## [Exercise description]
Return the whole listing unchanged. Drop the images.

## [Data section]
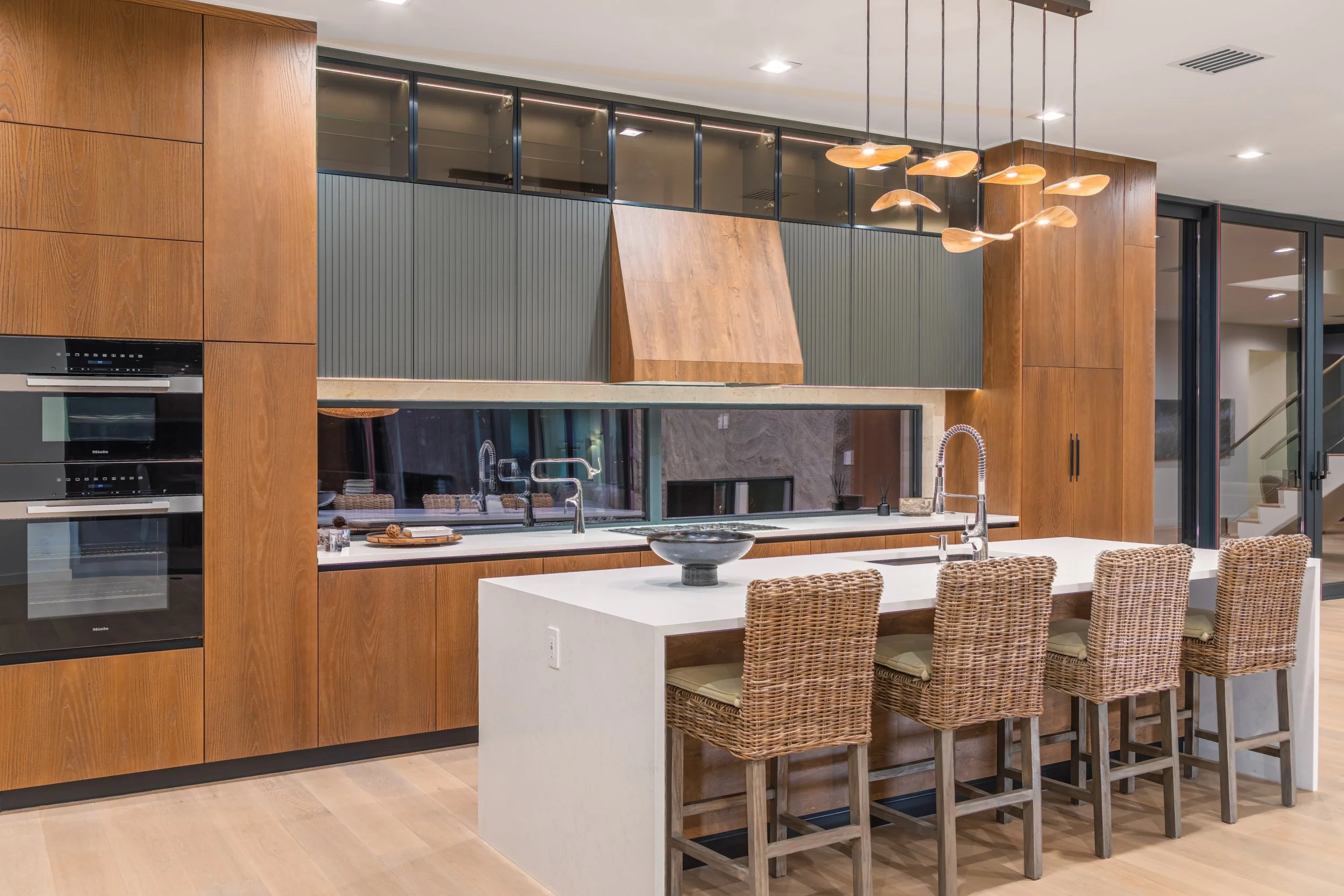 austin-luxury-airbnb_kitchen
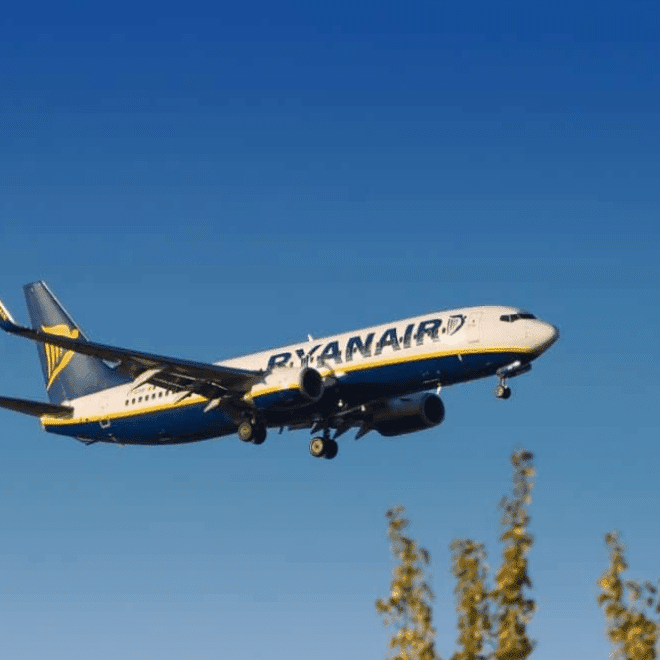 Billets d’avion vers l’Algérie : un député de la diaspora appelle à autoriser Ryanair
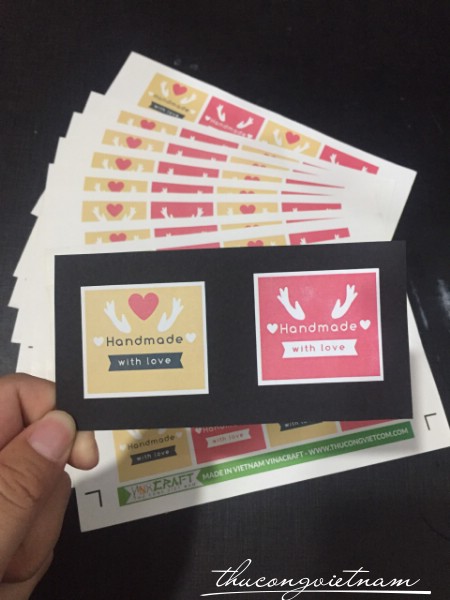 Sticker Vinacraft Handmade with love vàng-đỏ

## [Output for this exercise]
 austin-luxury-airbnb_kitchen
 Billets d’avion vers l’Algérie : un député de la diaspora appelle à autoriser Ryanair
 Sticker Vinacraft Handmade with love vàng-đỏ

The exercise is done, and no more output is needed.